PROVIDED DATA ::
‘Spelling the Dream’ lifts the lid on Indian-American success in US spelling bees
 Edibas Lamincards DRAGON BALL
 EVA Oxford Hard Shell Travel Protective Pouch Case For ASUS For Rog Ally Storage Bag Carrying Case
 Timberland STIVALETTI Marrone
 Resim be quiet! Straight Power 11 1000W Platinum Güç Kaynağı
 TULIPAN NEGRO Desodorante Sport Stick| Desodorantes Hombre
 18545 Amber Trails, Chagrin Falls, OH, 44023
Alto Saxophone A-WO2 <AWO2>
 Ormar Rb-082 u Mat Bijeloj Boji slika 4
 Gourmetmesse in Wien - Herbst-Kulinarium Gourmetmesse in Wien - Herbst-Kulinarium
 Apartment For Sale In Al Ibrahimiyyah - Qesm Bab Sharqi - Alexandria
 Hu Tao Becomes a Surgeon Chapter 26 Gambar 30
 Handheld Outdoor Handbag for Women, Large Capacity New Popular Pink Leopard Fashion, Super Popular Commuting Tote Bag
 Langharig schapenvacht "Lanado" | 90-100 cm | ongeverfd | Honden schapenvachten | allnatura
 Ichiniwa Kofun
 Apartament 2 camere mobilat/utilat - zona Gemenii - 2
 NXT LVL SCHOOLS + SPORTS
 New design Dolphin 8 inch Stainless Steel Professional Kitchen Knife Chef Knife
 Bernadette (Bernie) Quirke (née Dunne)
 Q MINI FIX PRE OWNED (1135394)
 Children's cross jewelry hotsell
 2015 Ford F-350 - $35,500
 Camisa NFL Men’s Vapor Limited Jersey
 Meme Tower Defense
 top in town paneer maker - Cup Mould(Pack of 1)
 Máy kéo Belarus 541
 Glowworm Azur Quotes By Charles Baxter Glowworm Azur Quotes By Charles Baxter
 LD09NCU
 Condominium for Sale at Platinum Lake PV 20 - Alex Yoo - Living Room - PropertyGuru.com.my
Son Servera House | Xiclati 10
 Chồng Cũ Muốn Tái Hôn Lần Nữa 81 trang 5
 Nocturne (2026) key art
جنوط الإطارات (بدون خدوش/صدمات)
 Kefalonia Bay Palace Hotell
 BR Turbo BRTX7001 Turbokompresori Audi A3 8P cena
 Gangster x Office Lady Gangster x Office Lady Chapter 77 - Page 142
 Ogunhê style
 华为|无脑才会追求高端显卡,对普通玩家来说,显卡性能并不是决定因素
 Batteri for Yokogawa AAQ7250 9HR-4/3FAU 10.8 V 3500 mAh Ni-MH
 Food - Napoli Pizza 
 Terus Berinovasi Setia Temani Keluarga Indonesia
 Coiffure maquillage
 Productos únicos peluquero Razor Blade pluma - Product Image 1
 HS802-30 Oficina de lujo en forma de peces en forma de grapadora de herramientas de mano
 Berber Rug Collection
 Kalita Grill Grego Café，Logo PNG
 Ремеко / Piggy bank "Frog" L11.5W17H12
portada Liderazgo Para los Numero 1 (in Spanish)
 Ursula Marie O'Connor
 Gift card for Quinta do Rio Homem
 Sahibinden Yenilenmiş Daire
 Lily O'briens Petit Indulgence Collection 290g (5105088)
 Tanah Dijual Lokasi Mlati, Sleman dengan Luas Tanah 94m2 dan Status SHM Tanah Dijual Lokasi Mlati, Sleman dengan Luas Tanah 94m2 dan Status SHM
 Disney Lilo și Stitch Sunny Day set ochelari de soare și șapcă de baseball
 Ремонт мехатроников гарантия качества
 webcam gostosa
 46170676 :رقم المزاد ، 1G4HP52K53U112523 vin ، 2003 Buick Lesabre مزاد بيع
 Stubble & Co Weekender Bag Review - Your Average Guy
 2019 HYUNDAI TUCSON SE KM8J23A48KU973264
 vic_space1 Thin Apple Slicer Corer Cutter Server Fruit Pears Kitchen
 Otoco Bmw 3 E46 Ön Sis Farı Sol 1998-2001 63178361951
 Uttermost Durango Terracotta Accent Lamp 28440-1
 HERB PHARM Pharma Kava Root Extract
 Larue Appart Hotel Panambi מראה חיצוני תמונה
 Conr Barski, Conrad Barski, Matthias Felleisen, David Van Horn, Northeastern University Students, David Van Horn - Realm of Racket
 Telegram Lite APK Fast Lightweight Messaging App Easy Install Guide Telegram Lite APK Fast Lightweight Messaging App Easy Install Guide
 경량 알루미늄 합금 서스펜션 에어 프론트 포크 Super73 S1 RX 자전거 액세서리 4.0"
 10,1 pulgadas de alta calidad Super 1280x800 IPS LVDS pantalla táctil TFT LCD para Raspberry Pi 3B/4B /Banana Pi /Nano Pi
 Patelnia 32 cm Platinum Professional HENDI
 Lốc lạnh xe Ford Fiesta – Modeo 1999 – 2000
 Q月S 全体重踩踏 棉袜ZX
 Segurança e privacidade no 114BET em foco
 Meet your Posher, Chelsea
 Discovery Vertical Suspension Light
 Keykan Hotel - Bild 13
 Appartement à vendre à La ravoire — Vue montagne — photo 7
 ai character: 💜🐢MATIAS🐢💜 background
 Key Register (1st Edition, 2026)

EXERCISE GOAL ::
From the entries above, extract every line where the word "Collection" appears.

ANSWER FOR THIS EXERCISE ::
 Berber Rug Collection
 Lily O'briens Petit Indulgence Collection 290g (5105088)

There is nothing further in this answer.